In the posts on July 5th and July 7th, we introduced the Buffett indicator and the yield spread as indicators to determine whether stock prices are overvalued or undervalued. This time, let’s consider these indicators from a statistical perspective.
Unit Root Test on Yield Spread
In the post on July 7th, it was concluded that stock prices at the end of June were not overvalued when looking at the yield spread (“equity yield – 10-year bond yield”). However, upon performing statistical hypothesis testing, it was found that the yield spread cannot be rejected as a non-stationary process that performs a random walk, thus making it unsuitable as an indicator.
A non-stationary process is a random variable whose mean is not constant and whose variance (standard deviation) is also not constant.
As a result of the unit root test (ADF test), while the equity yield was found to be a stationary process (with constant mean and variance), the long-term interest rate was found to be non-stationary.

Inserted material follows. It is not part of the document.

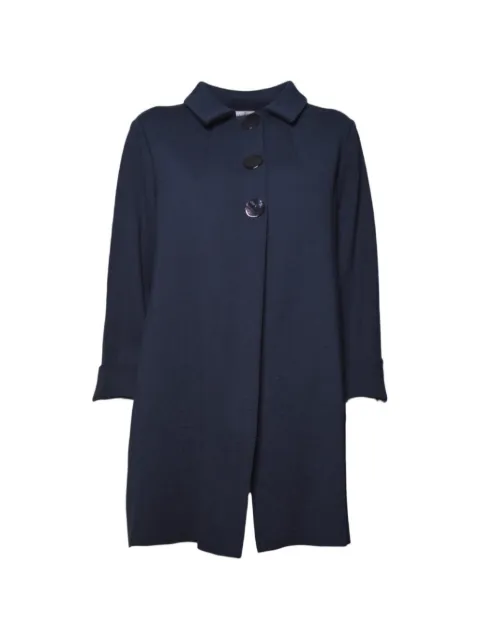 Charlott button-up collared coat Blue 788700BLU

When a unit root test was also performed on the yield spread (“equity yield – 10-year bond yield”), it was found to be non-stationary. Since it is a combination of a stationary and a non-stationary process, it naturally becomes non-stationary.
Non-stationary processes do not have a stable average value and do not exhibit mean reversion properties. Therefore, even if the yield spread deviates significantly from the average, it cannot be said to return to a certain zone, making it unsuitable for determining overvaluation or undervaluation.
Unit Root Test on TOPIX and Nominal GDP
The Buffett indicator, which divides the market capitalization of stocks by nominal GDP, is also used as an indicator of overvaluation or undervaluation.
TOPIX is an index calculated using the market capitalization weighted average method, targeting all listed stocks on the Tokyo Stock Exchange, with the market capitalization on January 4, 1968, set as 100.
On the other hand, Japan’s GDP is published by the Cabinet Office, with the 2015 price as the latest standard, from the first quarter of 1994.
To align the baseline points, we converted the indices to 100 as of the first quarter of 1994 and observed the time series transition of TOPIX and the seasonally adjusted series of nominal GDP as follows. As of now, the latest GDP is the first quarter of 2024, so TOPIX is also considered until the end of March 2024.

As a result of the unit root test (ADF test), both TOPIX and nominal GDP were found to be non-stationary processes with unit roots.
The Buffett indicator is defined as the market capitalization of stocks divided by nominal GDP, but when a unit root test was performed on the value obtained by dividing TOPIX (with the first quarter of 1994 as 100) by nominal GDP (with the same period as 100), it was suggested that the series is stationary, although the significance level was not very high.
Linear Combination of TOPIX and Nominal GDP (and Buffett Indicator)

Conducting a cointegration test (Engle-Granger test, Johansen test) to see if TOPIX and nominal GDP, which both perform random walks, are linked, it was found that they are cointegrated (having a cointegration vector).
When forming a linear combination using this combination ratio (cointegration vector), it becomes 0.68496×TOPIX – 0.380635×nominal GDP.
A Shapiro-Wilk Normality Test on this Linear Combination Value showed that it follows a normal distribution. Following a normal distribution means that 68% of the values fall within the range of mean ± 1 standard deviation (AV+SD to AV-SD), and 95% fall within the range of mean ± 2 standard deviations.
The latest value at the end of March 2024 exceeded the mean + 2 standard deviations, indicating a considerable overvaluation.
The Buffett indicator, which divides TOPIX by nominal GDP (right axis), moves almost identically in appearance.
Summary
Since the equity yield is a stationary process and the long-term interest rate is a non-stationary process, the yield spread, which is the difference between the two, also becomes a non-stationary process, making it unsuitable for determining overvaluation or undervaluation.
However, since the equity yield is a stationary process, its inverse, the PER (Price-to-Earnings Ratio), is also a stationary process. Therefore, it is not meaningless to judge overvaluation or undervaluation by looking at PER alone. The weighted average PER of the Tokyo Stock Exchange Prime Market at the end of March 2024 was about 16 times, which is not high compared to the past.
On the other hand, the linear combination value of TOPIX and nominal GDP, detected by the cointegration test, indicated a considerable overvaluation. I would like to update the data when the GDP for the second quarter is released.